*** Opening of The input ***

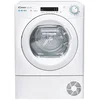 Image de Sèche-linge pompe à chaleur CSOE H9A2DE-S CANDY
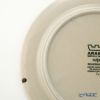 【1点限り】北欧ヴィンテージ アラビア（ARABIA） ルイージャ（ルイヤ）／Ruija プレート 20cm 05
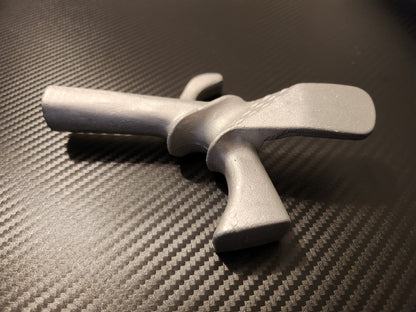 Electric Epee PS1 Series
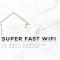 Tiny Loft With Balcony And Wifi Near Hotspots - 蒂尔堡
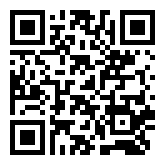 http://nuojin.vip/post/40389.html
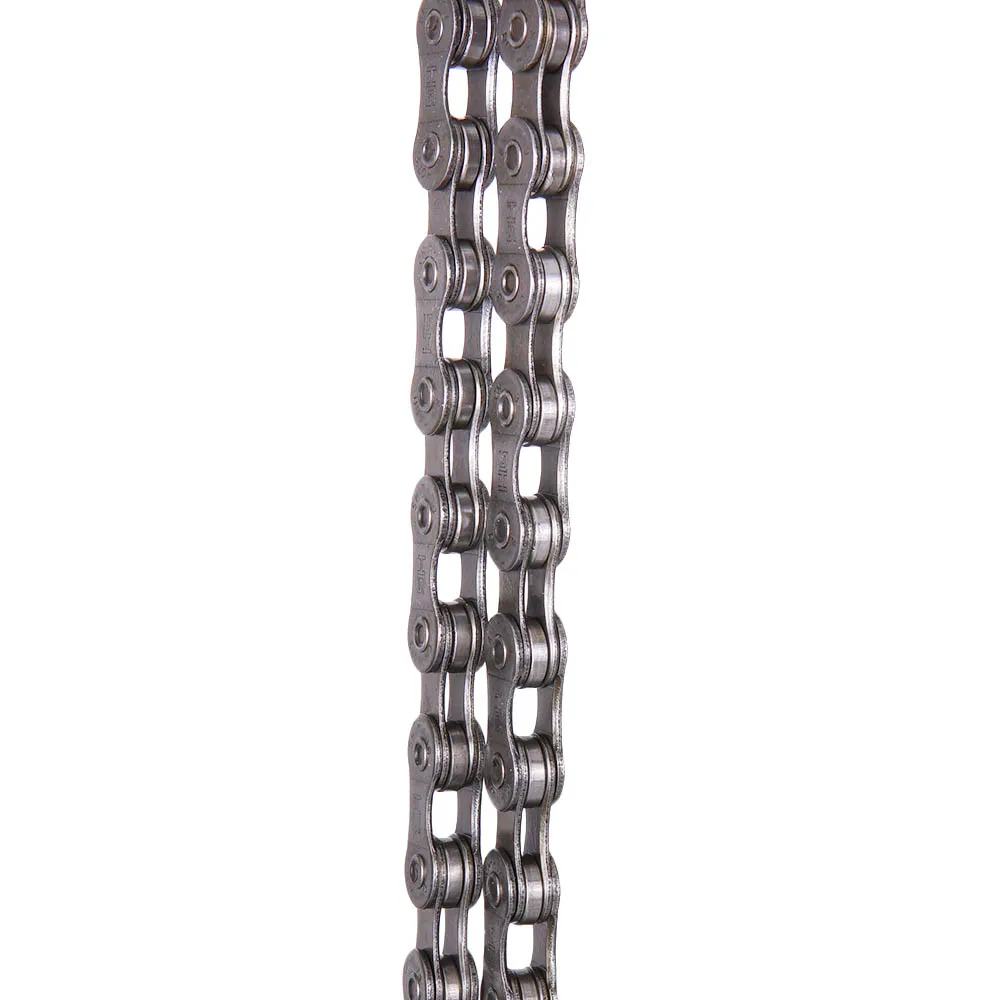 MTB Mountain Bike Road Bicycle galvanized 9s 18s 27s 9Speed chain for SRAM shimano with Magic Button master Bicycle Parts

*** Close of The input ***

**Directions for this task:**
From the line containing "Tiny Loft With" to the final line above, both included, transcribe every line exactly and leave all pictures out.

**Task result:**
 Tiny Loft With Balcony And Wifi Near Hotspots - 蒂尔堡
 http://nuojin.vip/post/40389.html
 MTB Mountain Bike Road Bicycle galvanized 9s 18s 27s 9Speed chain for SRAM shimano with Magic Button master Bicycle Parts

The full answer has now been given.